The International Sustainability Standards Board has redefined the term ‘sustainability’ where it clarifies the need to create financial value for investors.

International Sustainability Standards Board redefines ‘sustainability’

The ISSB clarified the term sustainability so that a company’s ability to deliver value for its investors is inextricably linked to the stakeholders it works with and serves, the society it operates in, and the natural resources it draws on.

Sustainability will be described in the ISSB’s general sustainability-related disclosures standard (S1) as the “ability for a company to sustainably maintain resources and relationships with and manage its dependencies and impacts within its whole business ecosystem over the short, medium and long term.”

Sustainability is a condition for a company to access over time the resources and relationships needed (such as financial, human, and natural), ensuring their proper preservation, development and regeneration, to achieve its goals.

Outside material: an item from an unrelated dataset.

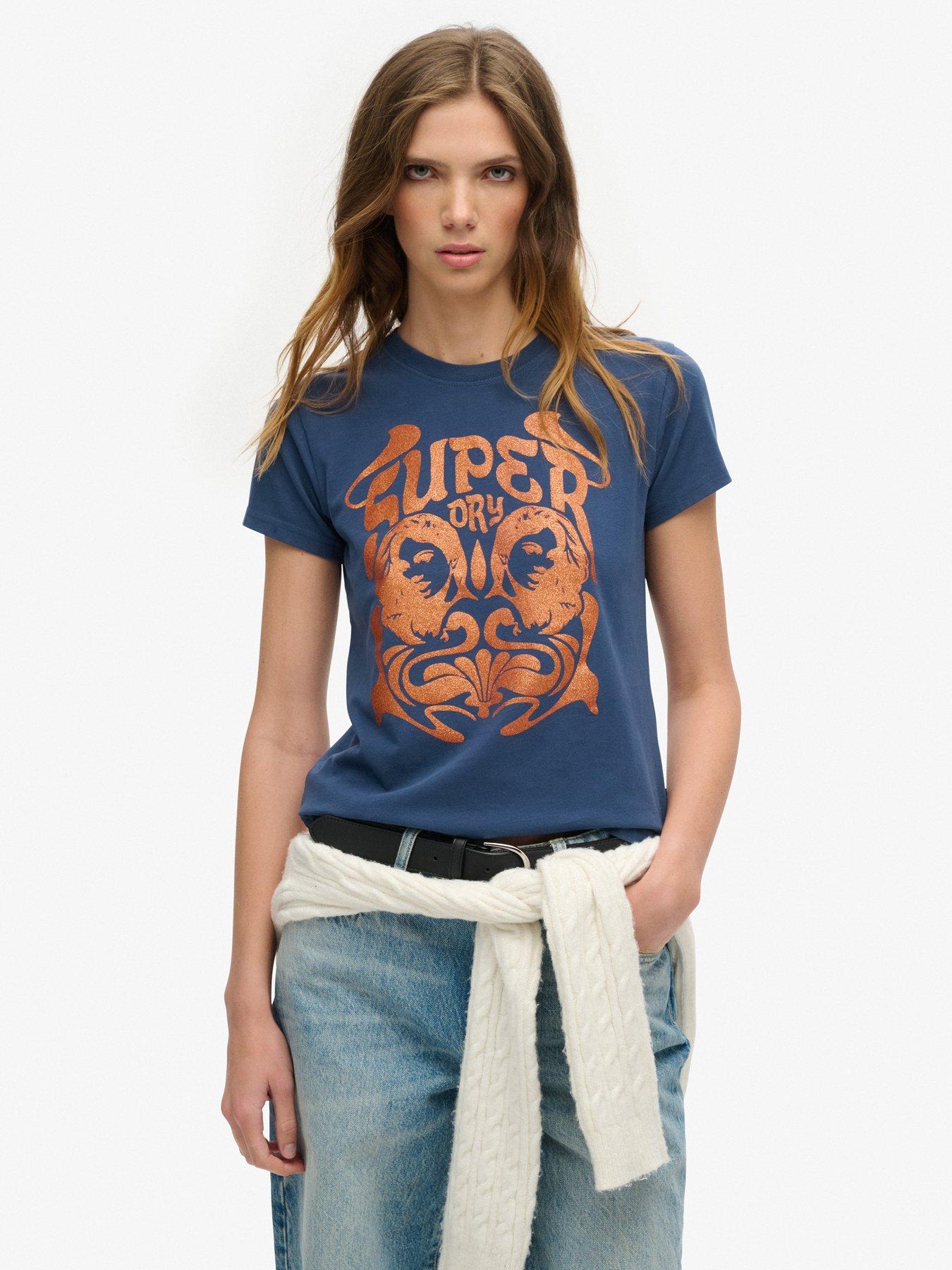 superdry-pop-archive-t-shirt-blue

The decision builds on concepts from the Integrated Reporting Framework, which helps companies articulate how they use and effect resources and relationships for creating, preserving and eroding value over time.

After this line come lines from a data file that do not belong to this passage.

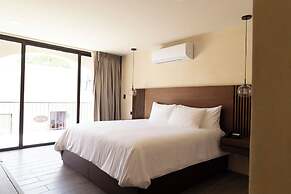 Moreira Hotel Boutique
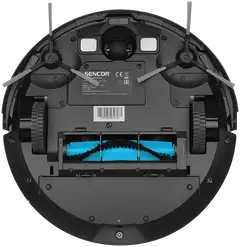 Sencor robotti-imuri SRV 3160TQ - 4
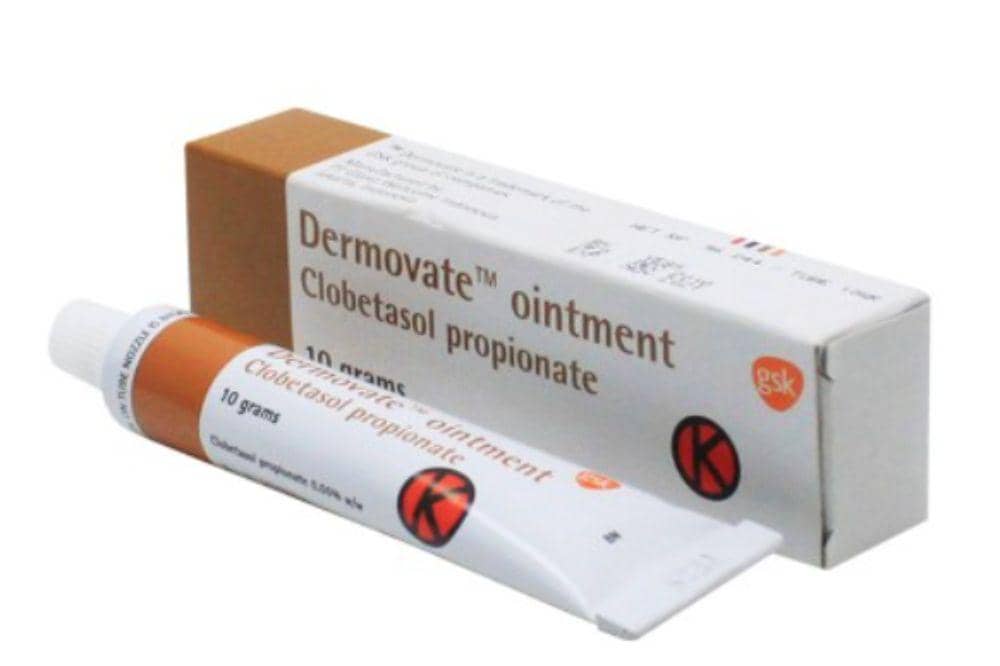 7 Daftar Salep Eksim di Apotek, Mulai dari Rp20 Ribuan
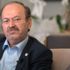 Yusuf Kaplan'dan 'gençlik' itirafı: Bunun püskürtülmesi lazım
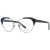 Zac Posen Quinny Z QUI GT 52 occhiali da vista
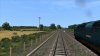 20210419182821 - FR - Peterborough to London - Class 55 BR Blue - Clear Summer Day.jpg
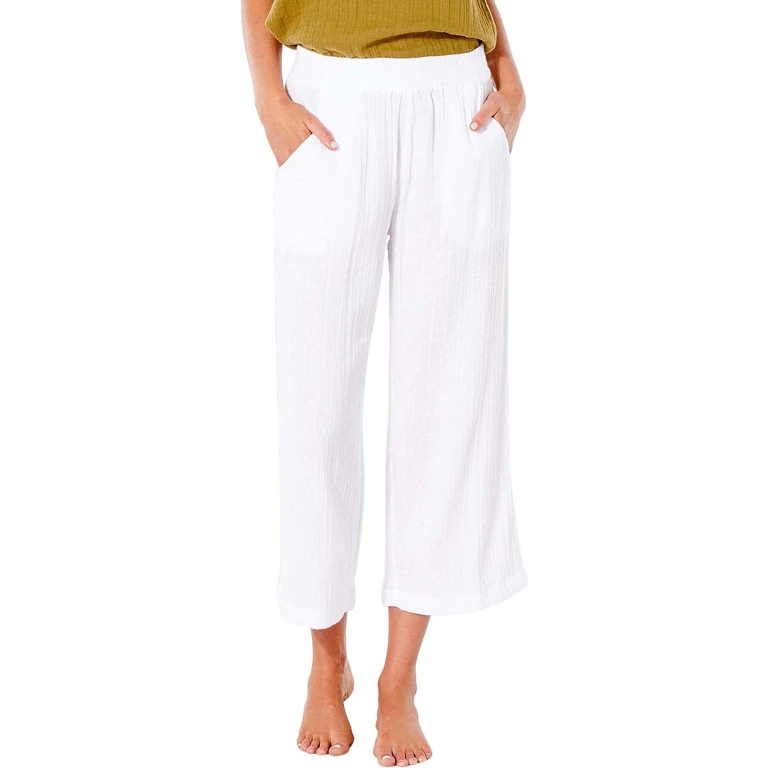 Premium Surf Beach Pant - Women's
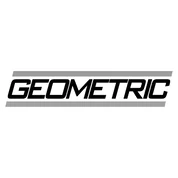 Geometric Skate Shop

To evolve from the currently fragmented ESG disclosure landscape, which lacks connectivity and has conflicting concepts, to a truly global common language of sustainability-related financial disclosures, the ISSB agreed during its October 2022 meeting that it would be beneficial to ground its standard-setting work by clearly articulating the relationship between sustainability matters and financial value creation.

By referring to this articulation of the value creation process, a company will be better placed to explain to its investors how it is working sustainably within its business ecosystem—addressing the impacts, risks and opportunities that can affect its performance and prospects—to ultimately deliver financial value for investors.

Emmanuel Faber, chair at the ISSB said the standards board was created to change the current fragmented ESG disclosure landscape into a global common, consistent language of sustainability-related financial disclosures.

He explained, “Our clarification of the fundamental articulation between financial value creation and sustainability, borrowed from concepts in the integrated reporting framework, will ground our standard-setting work and make clear that while our focus is on information for investors, financial value creation is affected by the proper preservation, development and regeneration of all the resources and relationships (including natural and human) needed for a company to achieve its goals.”

During COP15, Faber announced the appointment of two further special advisers, Karin Kemper and Geordie Hungerford, to provide strategic counsel on issues relating to natural ecosystems and just transition.